Net income margin for Q2 FY 2019 was at 7.4% compared to 8.3% in Q2 FY 2018. OPEX ratio for Q2 FY 2019 was lower at 2.9% compared to 3.6% in Q2 FY 2018. Net credit losses were lower at 0.8% as against 1.1% in Q2 FY 2018. The PBT-ROTA improved to 3.7% from 3.5% in Q2 FY 2018.
The Home Equity business.
The Home Equity disbursements for Q2 FY 2019 were higher at Rs. 910 crores compared to Rs. 830 crores in Q2 FY 2018 registering a growth of 10%. The business recorded a PBT of Rs. 84 crores compared to Rs. 58 crores in Q2 FY 2018 registering a growth of 46%. Higher recoveries in NPAs supported in this growth.
As far as the capital adequacy ratio is concerned at the end of Q2 FY 2019 was comfortable at 18.34% and the Tier-I is 13.13%.
My colleagues and I would be happy to answer any questions that you may have. Thank you very much.
Moderator: Sure, Thank you very much. We will now begin the Question-and-Answer Session. We have the first question from the line of Shweta Daptardar from Prabhudas Lilladher. Please go ahead.
Shweta Daptardar: Sir, I have just one question. I am referring to slide #21 and slide #22 of our Presentation, where we put up the growth estimates for MHCVs and LCVs. Sir, what has happened in last 3 months that our MHCV growth estimates have gone up from 4% to 7% for the future years and whereas LCVs have come down?
Ravindra Kundu: This is Ravindra Kundu. This is as per the CRISIL research and whatever the recent research has come out we have given that projection for H1 FY 2023 estimated number.
Shweta Daptardar: Sir, if you could highlight further or give a color on how the LCV and especially the LCV and HCV market where we largely are focused into performing for like how would it go for next 3 months or so especially given the kind of scenario we are into?

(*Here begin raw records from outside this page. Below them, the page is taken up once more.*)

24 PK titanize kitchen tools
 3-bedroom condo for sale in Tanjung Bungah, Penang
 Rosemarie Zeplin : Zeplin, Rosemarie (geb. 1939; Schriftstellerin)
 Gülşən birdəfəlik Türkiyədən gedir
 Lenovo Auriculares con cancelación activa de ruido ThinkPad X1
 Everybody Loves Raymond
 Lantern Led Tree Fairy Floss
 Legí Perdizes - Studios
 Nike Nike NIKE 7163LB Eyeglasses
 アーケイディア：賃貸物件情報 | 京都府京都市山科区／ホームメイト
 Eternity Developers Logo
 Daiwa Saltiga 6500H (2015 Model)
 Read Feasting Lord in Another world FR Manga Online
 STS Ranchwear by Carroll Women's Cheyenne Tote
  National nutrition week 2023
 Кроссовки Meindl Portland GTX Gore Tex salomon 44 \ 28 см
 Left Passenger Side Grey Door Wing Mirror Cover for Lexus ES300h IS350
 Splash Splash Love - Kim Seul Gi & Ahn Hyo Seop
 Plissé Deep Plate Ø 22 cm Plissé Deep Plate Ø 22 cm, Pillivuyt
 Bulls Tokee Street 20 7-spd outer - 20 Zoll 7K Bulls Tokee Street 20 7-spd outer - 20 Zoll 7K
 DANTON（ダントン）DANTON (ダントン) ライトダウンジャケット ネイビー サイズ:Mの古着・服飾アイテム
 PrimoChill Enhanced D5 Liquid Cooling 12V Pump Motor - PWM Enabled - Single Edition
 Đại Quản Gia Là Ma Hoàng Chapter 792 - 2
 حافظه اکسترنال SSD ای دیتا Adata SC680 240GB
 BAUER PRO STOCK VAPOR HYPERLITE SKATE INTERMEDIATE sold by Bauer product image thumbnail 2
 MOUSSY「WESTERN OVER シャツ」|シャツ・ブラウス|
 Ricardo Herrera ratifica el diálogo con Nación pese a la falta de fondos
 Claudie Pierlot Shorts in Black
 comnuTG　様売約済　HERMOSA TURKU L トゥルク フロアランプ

Ravindra Kundu: So, one important thing, we need to consider that the last year Q3 - Q4 was a big number of quarter and as of now for example, like in MHCV we are seeing that 16 tonnes and above is growing at the rate of 63% in H1. So, looking to that that this is an unexpected or exceptional number this cannot be the number for the entire year. So, therefore, obviously, we will see that Q3 - Q4 in terms of percentage of the growth will come down, and therefore the overall CV sales for HCV or LCV will get averaged out in the year. How much it will be in the Q3 or Q4 that projection I do not have. But based on that only we can say that the HCV sales which is actually at 49% now, by the year-end it will go down.
Moderator: Thank you. The next question is from the line of Piran Engineer from Motilal Oswal Securities. Please go ahead. Mr. Piran Engineer, you may go ahead with your question.
Piran Engineer: Yes, I am sorry. I just have a couple of questions for one for Mr. Kundu and one for Arul, sir. So, firstly, we had negative credit costs in LAP. So, do the auditors allow it? Or is it that the auditors just sign off on a console credit cost number and then the internal thing is up to us?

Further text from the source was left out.